The notion of suffering as an offset for sin comes first of all, I think, from the satisfaction we feel when wrong comes to grief. We hate wrong, but, not being righteous ourselves, to a degree we cannot keep from hating the wronger as well. In this way the inborn justice of our nature passes over to evil. It is no pleasure to God, as it so often is to us, to see the wicked suffer. To regard any suffering with satisfaction, unless it be sympathetically with its curative quality, comes of evil and is a thing God is incapable of. His nature is always to forgive, and just because he forgives, he punishes. Because God is so altogether alien to wrong, because it is to him a heart-pain and trouble that one of his little ones should do the evil thing, there is, I believe, no extreme of suffering to which, for the sake of destroying the evil thing in them, he would not subject them. A man might flatter, or bribe, or coax a tyrant. But there is no refuge from the love of God. That love will, for very love, insist upon the uttermost farthing.

“That hardly sounds like love,” you say. “It’s certainly not the sort of love I care about.”

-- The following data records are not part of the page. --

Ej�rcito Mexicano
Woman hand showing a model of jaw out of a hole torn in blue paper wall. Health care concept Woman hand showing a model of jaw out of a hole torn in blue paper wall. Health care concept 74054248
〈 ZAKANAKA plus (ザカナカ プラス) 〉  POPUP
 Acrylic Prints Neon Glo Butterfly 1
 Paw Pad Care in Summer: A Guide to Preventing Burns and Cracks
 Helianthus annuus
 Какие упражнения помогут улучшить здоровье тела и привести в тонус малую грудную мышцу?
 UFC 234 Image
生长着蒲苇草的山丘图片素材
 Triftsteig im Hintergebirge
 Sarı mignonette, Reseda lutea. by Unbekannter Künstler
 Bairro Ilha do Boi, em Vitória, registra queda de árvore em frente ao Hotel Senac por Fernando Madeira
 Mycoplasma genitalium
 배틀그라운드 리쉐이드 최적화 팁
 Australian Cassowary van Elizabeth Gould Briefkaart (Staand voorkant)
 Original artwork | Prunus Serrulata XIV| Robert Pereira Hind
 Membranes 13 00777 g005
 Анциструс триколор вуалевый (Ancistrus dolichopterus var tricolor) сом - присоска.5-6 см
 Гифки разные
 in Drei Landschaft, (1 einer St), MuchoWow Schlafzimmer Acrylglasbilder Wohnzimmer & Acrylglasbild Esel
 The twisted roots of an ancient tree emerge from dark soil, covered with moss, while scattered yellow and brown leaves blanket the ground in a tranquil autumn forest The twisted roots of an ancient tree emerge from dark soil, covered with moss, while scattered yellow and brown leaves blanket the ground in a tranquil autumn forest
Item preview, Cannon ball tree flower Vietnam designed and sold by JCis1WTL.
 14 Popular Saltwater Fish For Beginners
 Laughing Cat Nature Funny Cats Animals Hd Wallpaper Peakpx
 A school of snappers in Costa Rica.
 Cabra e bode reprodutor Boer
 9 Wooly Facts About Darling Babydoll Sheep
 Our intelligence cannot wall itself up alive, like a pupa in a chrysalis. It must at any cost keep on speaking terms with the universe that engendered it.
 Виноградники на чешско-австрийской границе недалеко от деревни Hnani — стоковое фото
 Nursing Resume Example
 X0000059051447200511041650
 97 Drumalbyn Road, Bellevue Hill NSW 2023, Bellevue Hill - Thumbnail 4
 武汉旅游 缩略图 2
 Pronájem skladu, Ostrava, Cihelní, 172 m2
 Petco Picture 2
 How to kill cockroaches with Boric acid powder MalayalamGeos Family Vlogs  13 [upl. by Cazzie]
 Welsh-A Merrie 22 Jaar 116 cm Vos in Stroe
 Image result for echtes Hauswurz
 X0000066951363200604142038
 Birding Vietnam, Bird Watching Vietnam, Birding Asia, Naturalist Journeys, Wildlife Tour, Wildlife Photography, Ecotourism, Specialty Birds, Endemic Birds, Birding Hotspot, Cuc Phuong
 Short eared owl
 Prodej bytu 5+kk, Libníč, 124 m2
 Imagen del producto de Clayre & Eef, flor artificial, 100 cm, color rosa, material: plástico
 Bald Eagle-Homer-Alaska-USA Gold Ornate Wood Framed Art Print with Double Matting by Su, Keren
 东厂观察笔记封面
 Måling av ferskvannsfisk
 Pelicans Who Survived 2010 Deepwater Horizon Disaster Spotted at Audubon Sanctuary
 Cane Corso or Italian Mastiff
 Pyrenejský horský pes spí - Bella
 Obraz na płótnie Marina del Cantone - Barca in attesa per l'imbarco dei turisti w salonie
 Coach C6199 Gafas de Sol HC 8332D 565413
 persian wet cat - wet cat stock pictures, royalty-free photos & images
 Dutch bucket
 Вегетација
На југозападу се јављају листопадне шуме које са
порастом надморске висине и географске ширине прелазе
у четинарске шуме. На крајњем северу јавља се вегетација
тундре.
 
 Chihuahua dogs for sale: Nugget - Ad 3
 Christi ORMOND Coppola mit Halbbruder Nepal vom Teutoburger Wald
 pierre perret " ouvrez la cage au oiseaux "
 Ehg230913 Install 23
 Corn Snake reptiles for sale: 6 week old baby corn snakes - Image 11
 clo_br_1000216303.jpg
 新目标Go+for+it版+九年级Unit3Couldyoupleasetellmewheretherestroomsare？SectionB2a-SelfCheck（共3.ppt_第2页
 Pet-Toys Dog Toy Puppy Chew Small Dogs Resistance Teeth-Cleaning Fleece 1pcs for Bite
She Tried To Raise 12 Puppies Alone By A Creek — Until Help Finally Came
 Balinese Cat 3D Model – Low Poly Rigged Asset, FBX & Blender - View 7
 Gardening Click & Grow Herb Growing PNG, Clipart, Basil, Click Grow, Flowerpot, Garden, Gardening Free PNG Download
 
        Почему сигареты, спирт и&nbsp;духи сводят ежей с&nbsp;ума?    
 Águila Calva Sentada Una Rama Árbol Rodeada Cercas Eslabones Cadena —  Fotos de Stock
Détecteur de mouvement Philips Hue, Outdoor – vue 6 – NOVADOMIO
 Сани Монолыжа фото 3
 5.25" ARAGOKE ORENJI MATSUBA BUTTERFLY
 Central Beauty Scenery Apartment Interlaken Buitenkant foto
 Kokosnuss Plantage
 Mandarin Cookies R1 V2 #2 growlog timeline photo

No, how should you? How should any of us care for it until we begin to know it? But the eternal love will not be moved to yield us to the selfishess that is killing us. You may sneer at such a love, but the Son of God, who took the weight of that love and bore it through the world, is content with it, and so is everyone who truly knows it.

— George MacDonald, Unspoken Sermons, Third Series, “Justice,” quoted in Discovering the Character of God, edited by Michael Phillips, p. 261-262

Our Vocation

The remarkable thing is that the Creator, having made the world to work in this way – with humans functioning like the “image” in a temple, standing between heaven and earth and acting on behalf of each in relation to the other – has not abandoned the project. Yes, it gets distorted again and again. But it remains the way the world was supposed to work – and the way in which, through the gospel, it will work once more. The powers that have stolen the worshipping hearts of the world and that have in consequence usurped the human rule over the world would like nothing better than for humans to think only of escaping the world rather than taking back their priestly and royal vocations.